The court says the total prohibition of access to an individual’s tax records on the grounds that it is necessary to encourage tax disclosure is not a justifiable limitation of the rights to access to information and freedom of expression.

“Public interests outweigh the harm,” said Justice Jody Kollapen.

The Apex Court’s decision paves a way for former President Jacob Zuma’s tax records to be accessed by third parties if such an action is in the public interest.

The application was brought before the court by the Financial Mail and the aMabhungane Centre for Investigative Journalism.

They wanted the Apex Court to confirm a high court ruling, which instructed SARS to avail the organisations access to the tax returns within 10 days.

The ConCourt has given SARS 30 days to review its decision to refuse the organisations the access, while Parliament has been given two years to amend both Promotions to Access of Information and the Tax Administration Acts.

aMabhungane and Financial Mail want Zuma’s returns for 2010 to 2018 when he was still the Head of State.

Their move followed allegations of non-compliance by the former president.

The claims were contained in investigative journalist Jacques Pauw’s book, The President’s Keepers.

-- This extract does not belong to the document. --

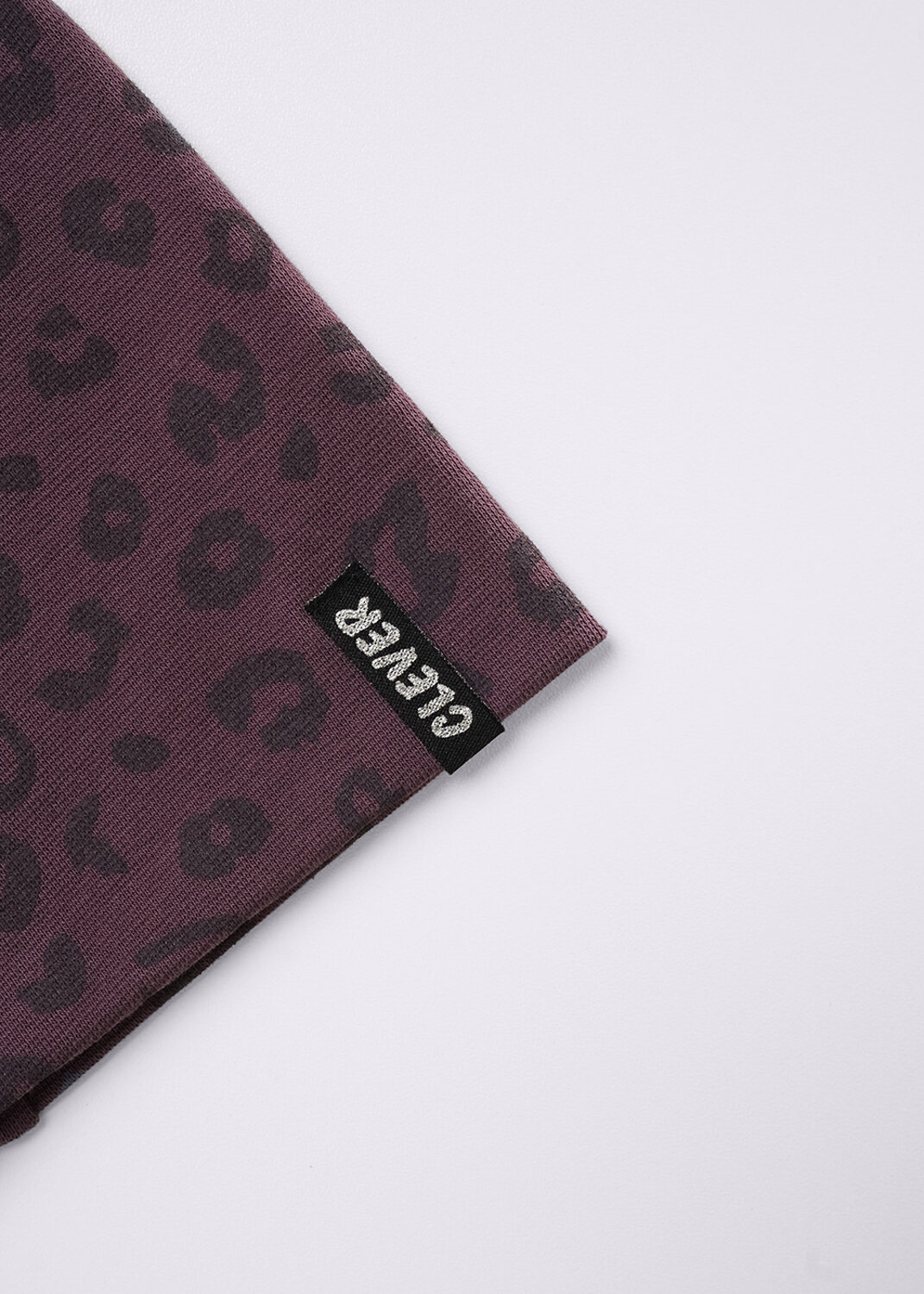 CLEVER Шапка 588943 566095/3рп бордовый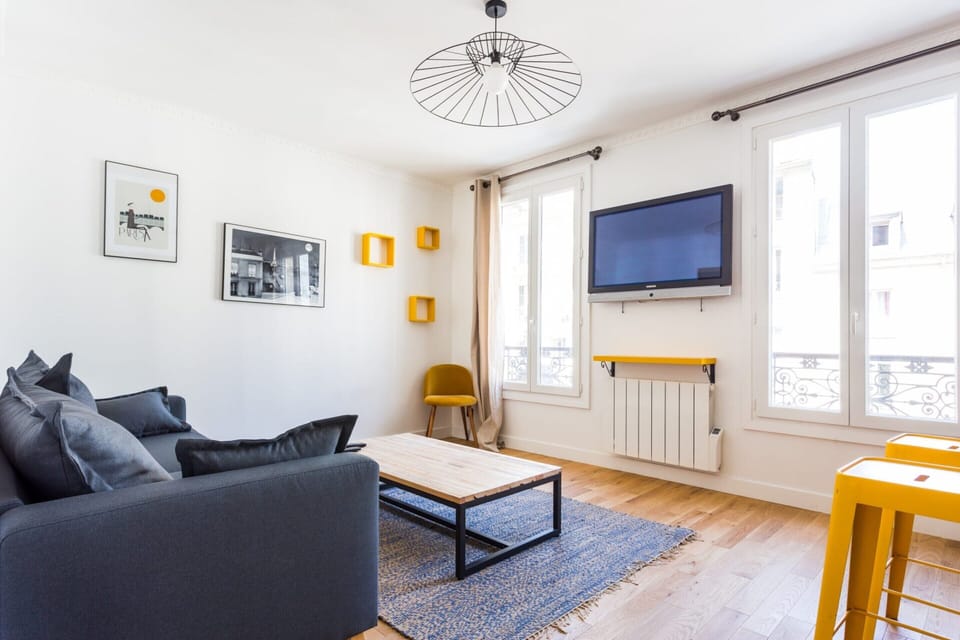 Apartment | Living area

In 2014, former Public Protector, Thuli Madonsela, also said the former president was liable for the fringe benefits accruing to him as a result of the controversial multi-million rand so-called security upgrades at his private home in Nkandla in KwaZulu-Natal.

In his submission to the Apex Court, the former president slammed the request to access his tax returns as an infringement to his right to privacy and dignity.

He also said the allegations in Pauw’s book had no facts that demonstrate credible evidence that he violated tax laws.